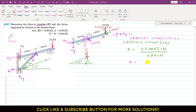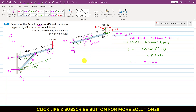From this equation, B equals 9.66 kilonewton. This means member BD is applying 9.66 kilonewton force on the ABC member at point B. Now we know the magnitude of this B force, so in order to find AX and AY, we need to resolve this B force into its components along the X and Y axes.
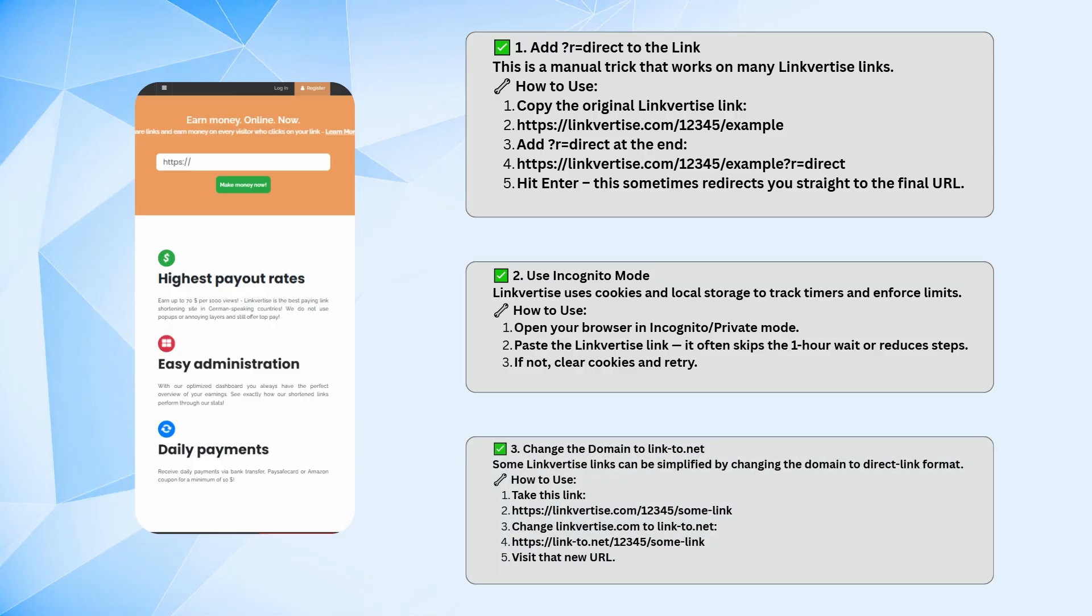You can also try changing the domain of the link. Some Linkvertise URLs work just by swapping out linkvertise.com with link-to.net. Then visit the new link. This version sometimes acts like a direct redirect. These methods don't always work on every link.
* * *
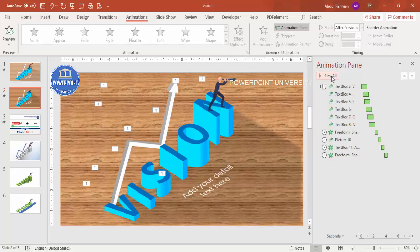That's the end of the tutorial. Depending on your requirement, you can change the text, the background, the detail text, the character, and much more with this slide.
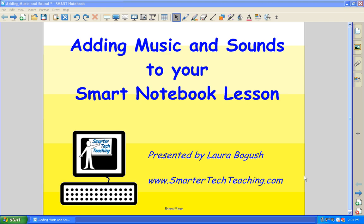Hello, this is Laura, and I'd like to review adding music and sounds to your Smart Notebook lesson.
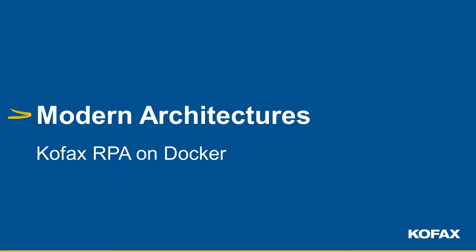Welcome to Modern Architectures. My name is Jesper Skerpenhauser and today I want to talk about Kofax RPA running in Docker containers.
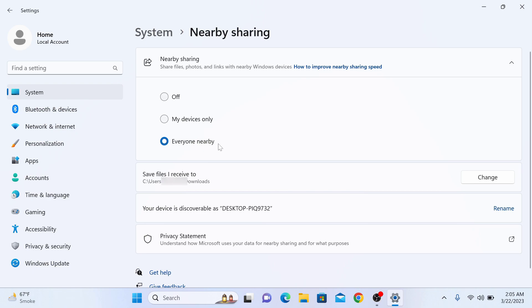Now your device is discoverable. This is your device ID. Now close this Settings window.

> **What the task requires**
Copy exactly the material above from the line with "Hello, this is" to the line with "Now your device", ends included, and nothing else. Leave out any picture.

> **Solution to this task**
Hello, this is Laura, and I'd like to review adding music and sounds to your Smart Notebook lesson.
Welcome to Modern Architectures. My name is Jesper Skerpenhauser and today I want to talk about Kofax RPA running in Docker containers.
Now your device is discoverable. This is your device ID. Now close this Settings window.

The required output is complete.